Attorneys for the father and stepmother say their clients did nothing wrong. Defense attorneys claim the boy is a liar who came and went on his own. The elder Bothuell insists he didn't know his son was in the basement, which has no door at the top of the stairs.

District Court Judge Shannon Holmes will decide if the parents will have to stand trial.

Earlier Tuesday, a police officer testified that Charlie was relieved that his father wasn't around when he was discovered in the basement

Detective Sgt. Ken Ducker of the state police said he used his flashlight to find Charlie behind a 55-gallon drum and stacks of boxes.

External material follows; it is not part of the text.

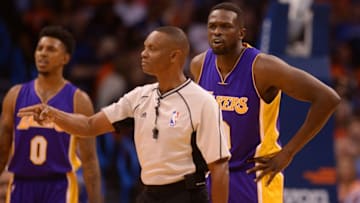Oct 30, 2016; Oklahoma City, OK, USA; Los Angeles Lakers forward Luol Deng (9) reacts to a call in action against the Oklahoma City Thunder during the first quarter at Chesapeake Energy Arena. Mandatory Credit: Mark D. Smith-USA TODAY Sports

He said there was a blanket nearby, a cereal box, drink bottles and a bowl with chicken bones.

"He asked me if his dad was home," Ducker recalled. "I said, `no,' and Charlie said `good."'

"He stood up, I asked him to come to me, he walked over to me," Ducker said. "I asked him was he OK; he said yes. I gave him a hug."

Ducker said he searched the cluttered basement, roughly 600 square feet, with a federal agent to find evidence that could lead investigators to Charlie.

"I didn't go into the basement looking for a dead child," the sergeant said. "I didn't think we'd find Charlie down there. I was not expecting to find him."

Defense attorney Shawn Smith asked Ducker if he believed the boy was in the basement for all 11 days, but a prosecutor objected and the question wasn't answered.

Following Charlie's testimony, the hearing was adjourned until May 6.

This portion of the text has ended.